Elle avait choisi un lino aspect béton gris pour le salon, la cuisine et le couloir, aspect moquette bleu canard pour les deux chambres. La quasi totalité des voisines avaient opté pour un lino plancher marron grisé, plus chaleureux selon elles. « Et ça fait comme un vrai en plus, et même un peu frais sous les pieds. » Un seul foyer, le couple, avait carrément opté pour un lino carrelage bleu à fleurs, « un peu too much » selon l’avis cette fois unanime de toutes les mamans solos. « Rococo » aurait dit sa mère.
Elle ne dansera plus. Elle avait renoncé à cette sensualité-là, entre autres abdications de petite ou grande ampleur. Ni sur un plancher de théâtre subventionné, ni sur un tapis de danse, ni sur un carrelage gelé de centre culturel, ni sur l’asphalte, ni sur la neige, sur rien. Alors, l’imitation de matière que ses pieds allaient désormais fouler au quotidien, elle s’en foutait. Elle voulait s’en foutre. La matière synthétique qui avait été déroulée à toute vitesse sur la dalle de béton par des ouvriers qui s’en foutaient aussi serait toujours assez neutre. Elle voulait marcher sans faire de bruit, avec cette discrétion qui aurait tant fait plaisir à sa mère.
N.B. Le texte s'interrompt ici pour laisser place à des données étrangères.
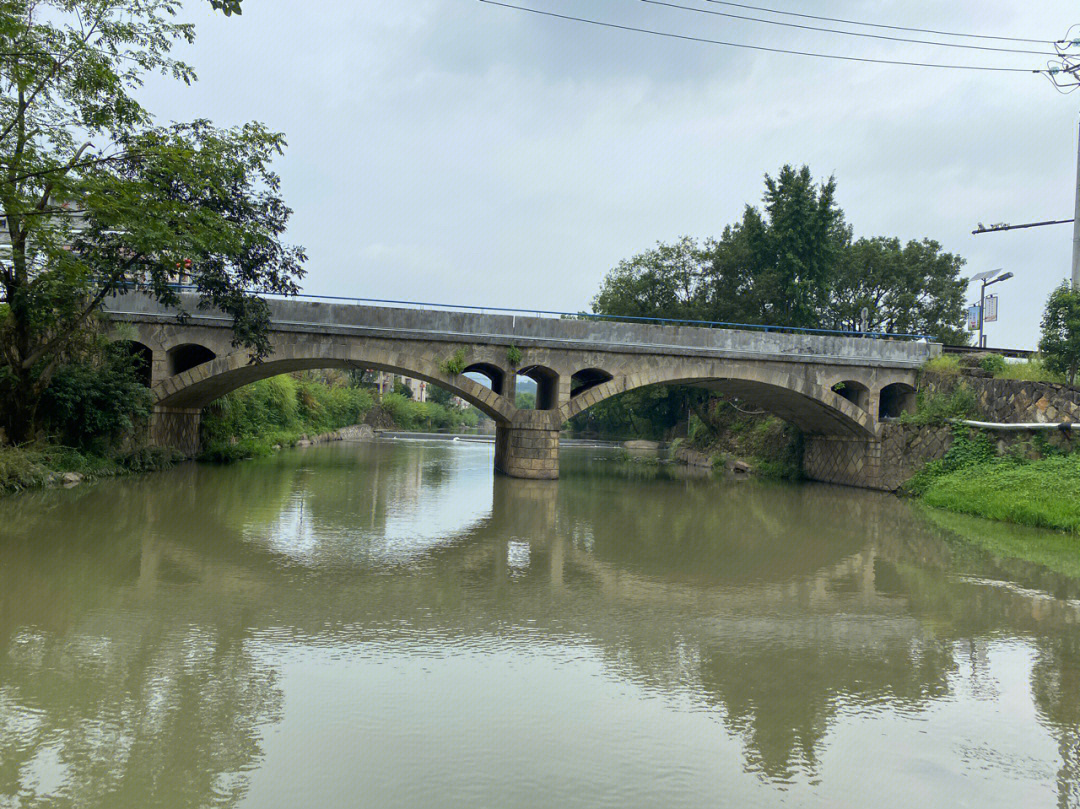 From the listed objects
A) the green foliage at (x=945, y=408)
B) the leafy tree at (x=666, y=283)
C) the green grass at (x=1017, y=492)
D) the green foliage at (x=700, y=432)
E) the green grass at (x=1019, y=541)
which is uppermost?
the leafy tree at (x=666, y=283)

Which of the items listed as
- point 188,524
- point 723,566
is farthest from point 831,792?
point 188,524

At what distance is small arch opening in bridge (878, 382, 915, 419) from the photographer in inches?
994

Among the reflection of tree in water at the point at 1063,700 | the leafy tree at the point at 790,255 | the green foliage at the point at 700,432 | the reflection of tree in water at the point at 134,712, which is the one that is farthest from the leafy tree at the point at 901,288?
the reflection of tree in water at the point at 134,712

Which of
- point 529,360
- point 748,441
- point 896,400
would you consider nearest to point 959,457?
point 896,400

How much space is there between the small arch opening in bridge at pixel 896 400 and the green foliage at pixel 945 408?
104 cm

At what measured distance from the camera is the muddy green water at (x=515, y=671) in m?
4.21

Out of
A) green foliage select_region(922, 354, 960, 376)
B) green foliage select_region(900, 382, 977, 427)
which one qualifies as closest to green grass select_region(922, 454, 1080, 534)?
green foliage select_region(900, 382, 977, 427)

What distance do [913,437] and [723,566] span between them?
49.3 ft

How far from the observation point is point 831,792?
167 inches

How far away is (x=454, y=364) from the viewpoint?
22.2 m

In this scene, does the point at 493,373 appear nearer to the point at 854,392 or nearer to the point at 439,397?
the point at 854,392

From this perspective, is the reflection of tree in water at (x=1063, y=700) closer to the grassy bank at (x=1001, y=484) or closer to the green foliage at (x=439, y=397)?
the grassy bank at (x=1001, y=484)

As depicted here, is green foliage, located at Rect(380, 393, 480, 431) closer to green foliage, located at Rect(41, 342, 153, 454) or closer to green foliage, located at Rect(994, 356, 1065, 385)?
green foliage, located at Rect(41, 342, 153, 454)

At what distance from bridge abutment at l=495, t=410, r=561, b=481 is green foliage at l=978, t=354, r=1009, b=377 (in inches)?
473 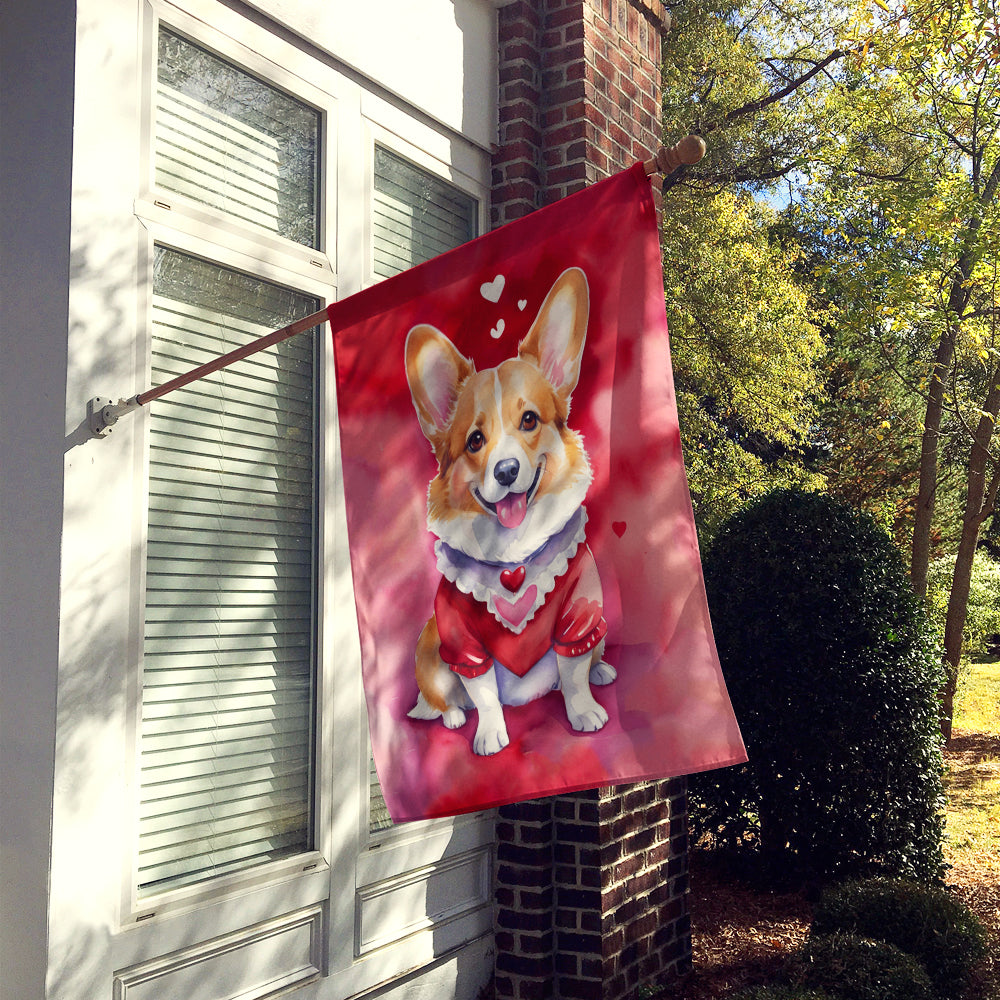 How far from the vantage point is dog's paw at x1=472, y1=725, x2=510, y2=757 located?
8.27 ft

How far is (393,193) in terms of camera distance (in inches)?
169

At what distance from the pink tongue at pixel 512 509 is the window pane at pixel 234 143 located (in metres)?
1.68

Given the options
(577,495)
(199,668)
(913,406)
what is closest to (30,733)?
(199,668)

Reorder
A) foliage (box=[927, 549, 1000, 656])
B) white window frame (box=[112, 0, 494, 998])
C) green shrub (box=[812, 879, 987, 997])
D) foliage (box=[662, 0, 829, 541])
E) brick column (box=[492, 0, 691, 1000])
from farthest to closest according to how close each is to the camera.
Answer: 1. foliage (box=[927, 549, 1000, 656])
2. foliage (box=[662, 0, 829, 541])
3. green shrub (box=[812, 879, 987, 997])
4. brick column (box=[492, 0, 691, 1000])
5. white window frame (box=[112, 0, 494, 998])

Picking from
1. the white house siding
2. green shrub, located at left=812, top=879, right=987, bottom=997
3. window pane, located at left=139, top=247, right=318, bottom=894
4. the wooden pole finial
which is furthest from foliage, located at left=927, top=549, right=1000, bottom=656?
the wooden pole finial

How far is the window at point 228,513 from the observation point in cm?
318

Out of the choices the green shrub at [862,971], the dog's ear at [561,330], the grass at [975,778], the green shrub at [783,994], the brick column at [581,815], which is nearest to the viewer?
the dog's ear at [561,330]

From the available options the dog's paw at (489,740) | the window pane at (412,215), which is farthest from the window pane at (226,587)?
the dog's paw at (489,740)

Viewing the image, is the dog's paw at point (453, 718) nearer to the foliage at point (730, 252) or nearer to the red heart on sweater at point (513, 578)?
the red heart on sweater at point (513, 578)

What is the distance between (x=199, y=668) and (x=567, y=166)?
2.95m

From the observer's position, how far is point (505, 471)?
2.53 meters

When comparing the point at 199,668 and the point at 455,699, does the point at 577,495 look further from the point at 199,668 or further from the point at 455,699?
the point at 199,668

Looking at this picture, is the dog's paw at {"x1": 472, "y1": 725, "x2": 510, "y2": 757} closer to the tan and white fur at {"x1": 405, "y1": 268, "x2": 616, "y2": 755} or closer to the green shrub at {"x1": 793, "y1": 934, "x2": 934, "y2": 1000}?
the tan and white fur at {"x1": 405, "y1": 268, "x2": 616, "y2": 755}

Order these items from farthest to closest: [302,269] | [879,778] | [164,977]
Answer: [879,778] → [302,269] → [164,977] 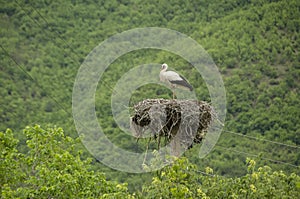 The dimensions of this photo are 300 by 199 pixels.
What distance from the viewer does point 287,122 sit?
29016 mm

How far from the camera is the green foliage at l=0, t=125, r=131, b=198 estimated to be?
49.1ft

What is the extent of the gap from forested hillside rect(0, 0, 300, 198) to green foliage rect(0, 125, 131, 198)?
822 cm

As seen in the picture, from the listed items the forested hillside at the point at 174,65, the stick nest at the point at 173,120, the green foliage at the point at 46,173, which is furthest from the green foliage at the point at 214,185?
the forested hillside at the point at 174,65

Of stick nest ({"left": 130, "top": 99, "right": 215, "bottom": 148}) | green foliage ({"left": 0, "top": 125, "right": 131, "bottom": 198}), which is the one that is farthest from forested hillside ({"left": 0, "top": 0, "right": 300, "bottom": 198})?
stick nest ({"left": 130, "top": 99, "right": 215, "bottom": 148})

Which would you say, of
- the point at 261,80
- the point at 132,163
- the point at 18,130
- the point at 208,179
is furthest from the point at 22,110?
the point at 208,179

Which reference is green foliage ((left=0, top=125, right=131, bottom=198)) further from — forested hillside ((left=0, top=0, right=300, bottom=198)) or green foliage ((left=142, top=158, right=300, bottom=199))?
forested hillside ((left=0, top=0, right=300, bottom=198))

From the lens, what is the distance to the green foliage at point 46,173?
49.1 feet

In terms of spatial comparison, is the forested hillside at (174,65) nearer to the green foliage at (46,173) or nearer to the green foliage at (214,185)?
the green foliage at (46,173)

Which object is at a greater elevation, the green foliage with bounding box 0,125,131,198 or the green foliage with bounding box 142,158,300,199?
the green foliage with bounding box 0,125,131,198

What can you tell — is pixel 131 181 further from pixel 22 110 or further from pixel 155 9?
pixel 155 9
S’il fallait, elle mettrait des chaussettes, des savates, et même des pantoufles renne de Noël afin d’éloigner son pied d’un quelconque risque de stimulation joyeuse ou douloureuse, d’un truc, là, qui traverserait son corps, une pulsion de mouvement.
Le lino ou la danse. J’aime bien l’association surprenante de la danse avec le sol vu ici comme matériau ordinaire. Perte du sol, perte de danse. Votre texte nous touche. 😉
Merci de votre lecture Nolwenn !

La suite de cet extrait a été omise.